▶ [INSTRUCTIONS TO FOLLOW]: All that is wanted is an exact copy of the line containing "Hanachan13's cooksnap of" and the lines after it, through the end of the records.

▶ [THE DATA]:
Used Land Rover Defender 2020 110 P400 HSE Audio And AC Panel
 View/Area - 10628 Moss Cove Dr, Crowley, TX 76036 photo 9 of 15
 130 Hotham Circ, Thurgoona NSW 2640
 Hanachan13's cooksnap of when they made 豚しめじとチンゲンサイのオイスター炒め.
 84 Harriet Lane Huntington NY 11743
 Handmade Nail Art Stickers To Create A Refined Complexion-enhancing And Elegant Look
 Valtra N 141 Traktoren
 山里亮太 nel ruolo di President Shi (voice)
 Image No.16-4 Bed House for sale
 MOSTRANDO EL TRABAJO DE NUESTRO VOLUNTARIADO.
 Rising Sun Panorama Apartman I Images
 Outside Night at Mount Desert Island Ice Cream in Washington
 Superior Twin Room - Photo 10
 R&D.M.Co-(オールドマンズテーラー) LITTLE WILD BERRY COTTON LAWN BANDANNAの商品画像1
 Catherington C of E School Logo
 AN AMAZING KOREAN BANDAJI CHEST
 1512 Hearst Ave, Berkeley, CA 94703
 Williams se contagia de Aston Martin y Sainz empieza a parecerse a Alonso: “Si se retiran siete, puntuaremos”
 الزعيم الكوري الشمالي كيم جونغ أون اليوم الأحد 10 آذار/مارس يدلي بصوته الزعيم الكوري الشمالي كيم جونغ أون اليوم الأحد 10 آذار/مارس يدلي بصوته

▶ [FINISHED TASK]:
 Hanachan13's cooksnap of when they made 豚しめじとチンゲンサイのオイスター炒め.
 84 Harriet Lane Huntington NY 11743
 Handmade Nail Art Stickers To Create A Refined Complexion-enhancing And Elegant Look
 Valtra N 141 Traktoren
 山里亮太 nel ruolo di President Shi (voice)
 Image No.16-4 Bed House for sale
 MOSTRANDO EL TRABAJO DE NUESTRO VOLUNTARIADO.
 Rising Sun Panorama Apartman I Images
 Outside Night at Mount Desert Island Ice Cream in Washington
 Superior Twin Room - Photo 10
 R&D.M.Co-(オールドマンズテーラー) LITTLE WILD BERRY COTTON LAWN BANDANNAの商品画像1
 Catherington C of E School Logo
 AN AMAZING KOREAN BANDAJI CHEST
 1512 Hearst Ave, Berkeley, CA 94703
 Williams se contagia de Aston Martin y Sainz empieza a parecerse a Alonso: “Si se retiran siete, puntuaremos”
 الزعيم الكوري الشمالي كيم جونغ أون اليوم الأحد 10 آذار/مارس يدلي بصوته الزعيم الكوري الشمالي كيم جونغ أون اليوم الأحد 10 آذار/مارس يدلي بصوته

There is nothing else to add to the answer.